Weaknesses: A squad that failed to win a game last season and finished an eye-watering 70 points adrift of eighth-placed Glamorgan has only been slightly rejigged. Some improvement on last season can be expected, but perhaps only because it would be hard to do worse.
Verdict: Most of the teams already streets ahead of Leicestershire in this division have improved. Perhaps only a Richardson-less Worcestershire are palpably weaker. So Leicestershire need to find the equivalent of three maximum-point victories' worth of improvement just to avoid bottom spot again. Season-long 13/8 shots are not generally the best of bets, but that price is more than reasonable for Leicestershire to again claim the wooden spoon. Even if Sarwan does improve the batting - and he pulled up few trees in his five matches last year - it would still require Eckersley to back up last season's efforts for there to be any actual improvement.
CONCLUSION AND TIPS:
The standout bet, as outlined above, has to be Leicestershire to finish bottom. It's an odds-on shot in my eyes and 13/8 represents the value bet in either division for those prepared to invest in a relatively short-priced ante-post wager.
The Grace Road outfit have done little to improve the squad that performed so dismally last year and none of the other teams looks poised to fall dramatically from last season's effort.

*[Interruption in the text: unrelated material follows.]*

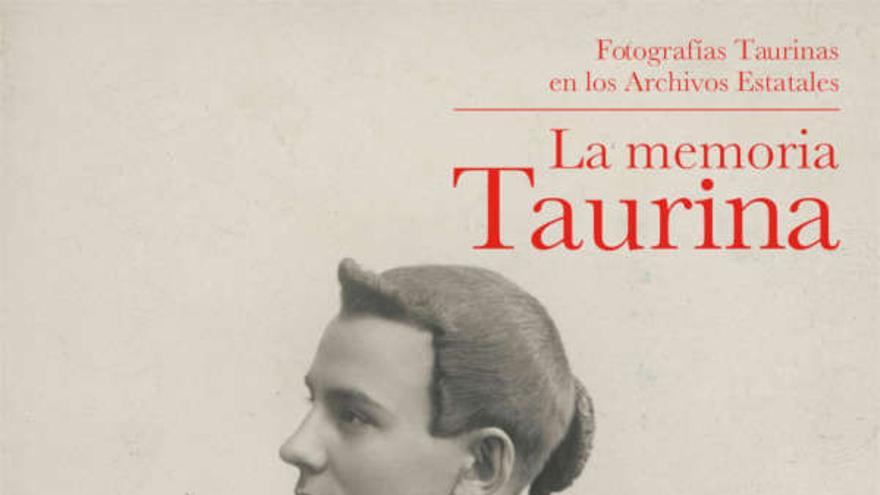 La Memoria Taurina. Fotografías taurinas en los Archivos Estatales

Kent have invested shrewdly over the winter and have an already-strong batting line-up that has scope for further improvement should the likes of Northeast and Bell-Drummond kick on as their talent suggests they could. The remodelled bowling attack looks much improved and capable of turning draws into wins.
They may have finished seventh last year, but only a couple of wins and 30-odd points separated them from third place. They look a side with scope for significant improvement with both bat and ball; that gap is easily bridgeable and they are at a price that allows the security of an each-way investment.
Finally, Linley's efforts when last at this level convince me he's worth siding with at 25s in the top bowler market. In a division not blessed with stunning bowling depth, his price is enough to tempt me in over the likes of Hogan or Bollinger.